Stokes was tight-lipped on exactly what that would entail, but asked about the prospect of surgery admitted there was the “potential of something happening after the World Cup”.
The Test captain has been managing the chronic injury to his left knee for some time but it has worsened this year, severely restricting his ability to bowl since the winter tour to New Zealand, to the point where he finished this summer’s Ashes series playing as a specialist batter.
A six-month break between the Ashes and England’s next Test commitment, a five-match series in India in the New Year, had presented a rare gap in the calendar and appeared the ideal window for the 32-year-old to attempt to resolve the issue once and for all.
Instead, however, he has come out of 50-over retirement to join Jos Buttler’s side as they look become back-to-back world champions in India this autumn and will play his first ODI in more than a year when the four-match series against New Zealand gets underway in Cardiff tomorrow.
“It’s been a month since we finished the Ashes, it’s been a good chance to rest up and get into a good position for these one-dayers and the World Cup afterwards,” Stokes said.

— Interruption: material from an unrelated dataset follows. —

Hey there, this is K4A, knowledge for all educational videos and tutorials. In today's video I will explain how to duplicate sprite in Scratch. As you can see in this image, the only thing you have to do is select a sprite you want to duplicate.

“I’ve been having some good conversations with some specialists, rehab and physios, the surgeons, the guys who know what they are doing. There is a plan in place. I know what’s going to happen, I just don’t think now is right time to say what I’m doing.”
Should Stokes decide to go under the knife, he could use the gap between the end of the World Cup in mid-November and the start of England’s Test tour to India in late-January. Beyond that series, the schedule is more congested, with the IPL followed by a T20 World Cup in the USA and Caribbean, after which England play 12 Tests across the home summer and tours to New Zealand and Pakistan before the end of 2024.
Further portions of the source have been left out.